Vanja klagte sich durch alle Instanzen, um durchzusetzen, dass die Standesämter neben männlich und weiblich auch ein drittes Geschlecht ins Personenstandsregister eintragen müssen - für alle, die sich weder als männlich noch weiblich empfinden, sondern als intersexuell wahrnehmen.
BverfG fordert drittes Geschlecht im Geburtenregister
tagesschau 17:00 Uhr, 08.11.2017, Kerstin Anabah, SWR
Neuregelung bis 31.12.2018
Seit 2013 können die Standesämter neben männlich oder weiblich auch gar kein Geschlecht eintragen. Mehr nicht. Dies wird sich mit dem Beschluss des Bundesverfassungsgerichts künftig ändern. Bis spätestens Ende 2018 muss der Gesetzgeber dafür sorgen, dass für intersexuelle Menschen eine dritte Möglichkeit geschaffen wird, das Geschlecht eintragen zu lassen. Das könnte dann "inter/divers" oder "divers" lauten, so wie es Vanja gerne hätte.

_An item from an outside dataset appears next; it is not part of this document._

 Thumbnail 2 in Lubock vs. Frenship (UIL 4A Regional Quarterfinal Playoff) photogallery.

Der erste Senat des Bundesverfassungsgerichts stellte in seinem Beschluss fest, dass Vanja diskriminiert wird und die aktuelle Gesetzeslage das Persönlichkeitsrecht von intersexuellen Menschen verletzt.

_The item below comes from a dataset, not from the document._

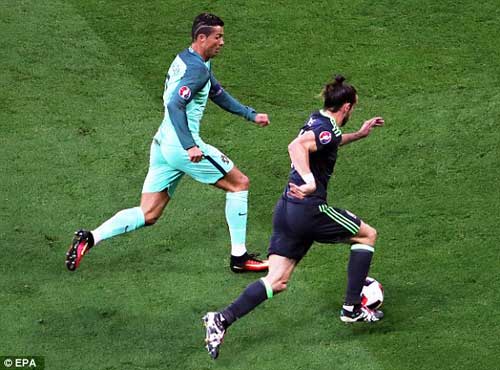 Tóc mới của Ronaldo bị "ném đá" thậm tệ - 10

Das Persönlichkeitsrecht, so die Richter, schütze auch die geschlechtliche Identität. Das Geschlecht sei für die eigene Identität von herausragender Bedeutung und nehme eine Schlüsselposition im Selbstverständnis jedes Menschen ein. Geschützt werden müsse auch die Identität derjenigen, die sich weder dem männlichen noch weiblichen Geschlecht zuordnen lassen.
Intersexuelle Lynn D. im Gespräch
tagesschau24 17:00 Uhr, 08.11.2017
"Fehlende Angabe" unzureichend
Wenn im Personenstandsregister beim Geschlecht "fehlende Angabe" eingetragen wird, ist das nach Ansicht der Richter völlig unzureichend. Denn intersexuelle Menschen würden sich eben nicht als geschlechtlos begreifen. Vielmehr haben sie nach ihrem Empfinden nach ein drittes Geschlecht, das neben dem männlichen und weiblichen besteht. Deshalb müsse es für intersexuelle Menschen auch die Möglichkeit geben, dass für sie ein drittes Geschlecht im Register eingetragen wird.
Der Gesetzgeber habe allerdings auch die Möglichkeit, auf geschlechtsbezogene Einträge in den Registern vollständig zu verzichten. Bis zu einer Neuregelung dürfen die aktuellen Vorschriften für intersexuelle Menschen jedenfalls nicht mehr angewendet werden.